Captioned web images:
▬▬▬

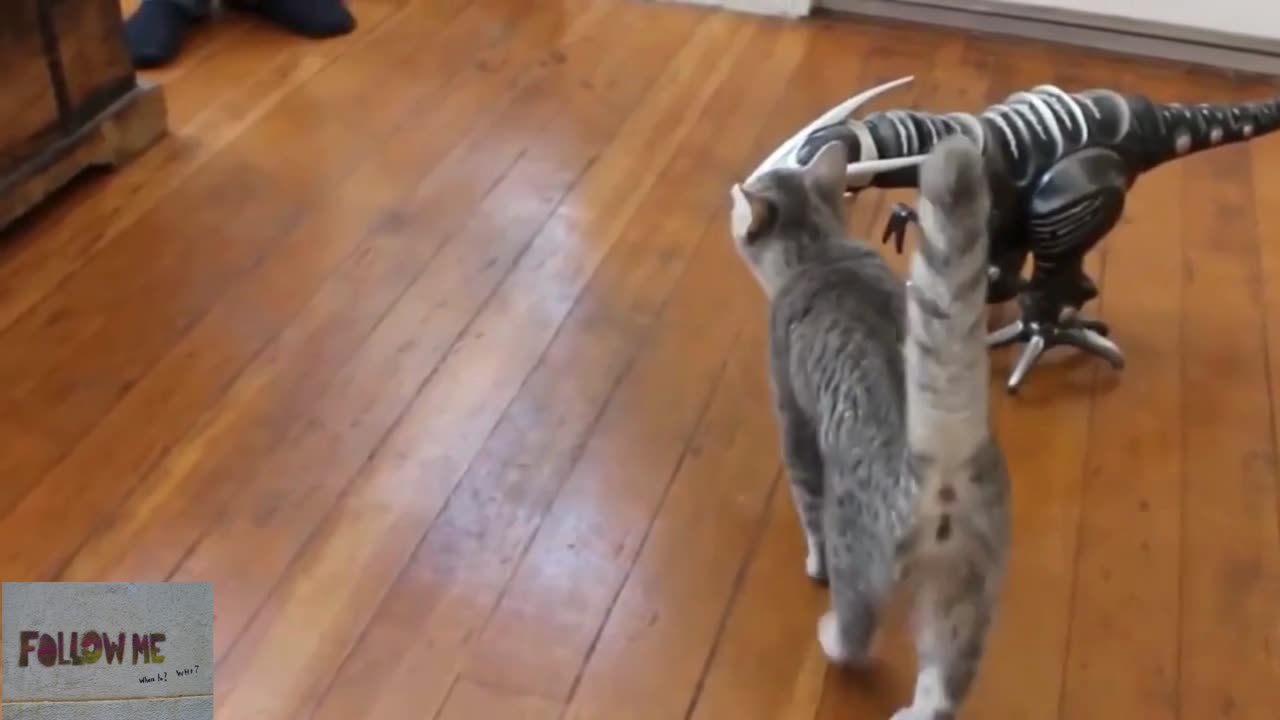 animal funny videos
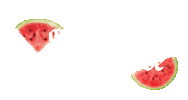 Text Watermelon Sticker by Mela Water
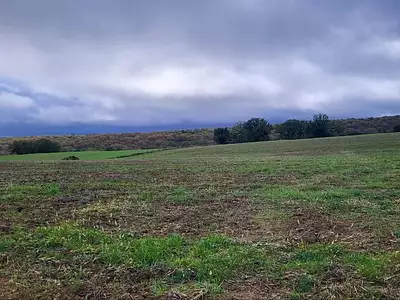 Terrain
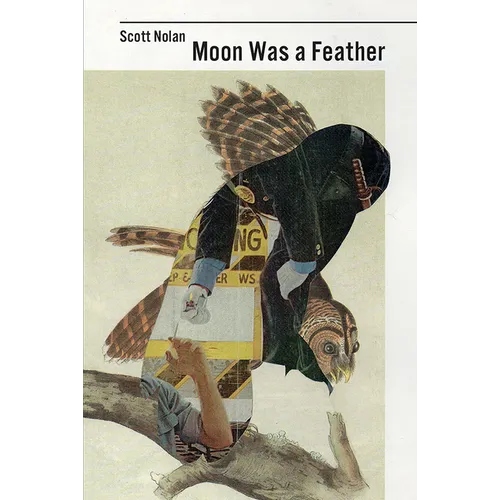 Moon Was a Feather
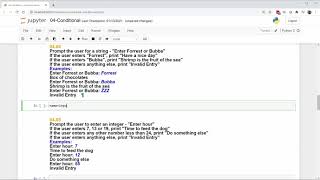 Python Practice Problems - 04 Conditional Execution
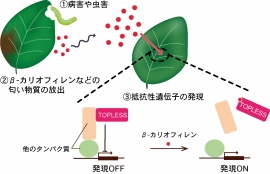 植物においては転写制御因子が「匂い受容体」として機能する。（画像:東京大学発表資料より）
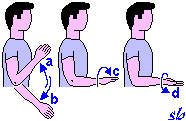http://www.sportraining.net/images/glossario/glossa27.gif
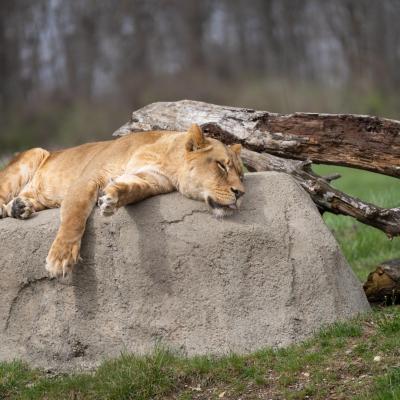 Female lion lying down on top of large rock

▬▬▬

◆ YOUR ASSIGNMENT
Copy out all the entries precisely. No images.

◆ RESPONSE TO THE TASK
 animal funny videos
 Text Watermelon Sticker by Mela Water
 Terrain
 Moon Was a Feather
 Python Practice Problems - 04 Conditional Execution
 植物においては転写制御因子が「匂い受容体」として機能する。（画像:東京大学発表資料より）
http://www.sportraining.net/images/glossario/glossa27.gif
 Female lion lying down on top of large rock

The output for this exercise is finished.